In einer Vereinbarung zwischen Indien und Pakistan mit dem Ziel "einen gegenseitig vorteilhaften und nachhaltigen Frieden zu erreichen", heißt es, dass nach längeren Verhandlungen die zuletzt bestehende Vereinbarung von 2003 über eine Waffenruhe "in Wort und Geist" ab dem 25. Februar 2021 umsetzen ist (Gov. o. I. 25.2.2021; vgl. SZ 26.2.2021).

Indien und China

Indien und China teilt eine 4.056 km lange Grenze (DFAT 10.12.2020). Der chinesisch-indische Grenzverlauf im Himalaya ist weiterhin umstritten (FAZ 27.2.2020). Nach wie vor gibt es zwischen Indien und China eine Reihe ungelöster territorialer Streitigkeiten, die 1962 zu einem kurzen Krieg zwischen den beiden Nachbarstaaten und zu mehreren Unruhen führten, darunter 2013, 2017 und 2020. Zusammenstöße zwischen Grenzpatrouillen an der 1996 vereinbarten "Line of Actual Control" (LAC), der De-facto-Grenze zwischen der von Indien verwalteten Region des Ladakh Union Territory und der von China verwalteten Region Aksai Chin sind häufig (DFAT 10.12.2020; vgl.
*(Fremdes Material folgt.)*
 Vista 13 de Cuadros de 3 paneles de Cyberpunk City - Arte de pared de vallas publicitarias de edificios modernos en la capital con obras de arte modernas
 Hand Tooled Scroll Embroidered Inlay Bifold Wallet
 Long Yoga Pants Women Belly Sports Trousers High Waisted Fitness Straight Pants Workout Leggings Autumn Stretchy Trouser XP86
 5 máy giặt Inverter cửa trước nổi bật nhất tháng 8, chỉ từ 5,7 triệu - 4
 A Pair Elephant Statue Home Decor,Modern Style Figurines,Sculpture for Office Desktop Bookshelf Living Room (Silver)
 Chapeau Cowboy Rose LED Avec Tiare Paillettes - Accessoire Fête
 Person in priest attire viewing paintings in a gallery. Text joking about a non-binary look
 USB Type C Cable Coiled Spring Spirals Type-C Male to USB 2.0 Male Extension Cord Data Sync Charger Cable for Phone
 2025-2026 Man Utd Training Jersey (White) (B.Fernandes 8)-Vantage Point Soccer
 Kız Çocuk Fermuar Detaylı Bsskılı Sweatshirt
FIDH 23.6.2020) und forderten am 15.6.2020 mindestens 20 Tote auf indischer Seite und eine unbekannte Anzahl von Opfern auf chinesischer Seite (FIDH 23.6.2020; vgl. BBC 3.7.2020, BAMF 8.6.2020). Dies waren die ersten Todesopfer an der LAC seit 1975. Von beiden Seiten wurden eine Reihe von Gesprächen auf politischer, diplomatischer und militärischer Ebene geführt. Die Situation bleibt jedoch festgefahren (DFAT 10.12.2020). Viele indische Experten sehen in der Entscheidung der Modi-Regierung vom August 2019, den Bundesstaat Jammu und Kaschmir aufzulösen, einen Auslöser für die gegenwärtige Krise (SWP 7.2020; vgl. Wagner C. 2020). Die chinesischen Gebietsübertretungen können somit als Reaktion auf die indische Politik in Kaschmir in der letzten Zeit gesehen werden (SWP 7.2020). Weitere Eskalationen drohen auch durch Gebietsverletzungen an anderen Stellen der mehr Grenze (FAZ 27.2.2020; vgl. SWP 7.2020). Sowohl Indien als auch China haben Ambitionen, ihren Einflussbereich in Asien auszuweiten (BICC 1.2021).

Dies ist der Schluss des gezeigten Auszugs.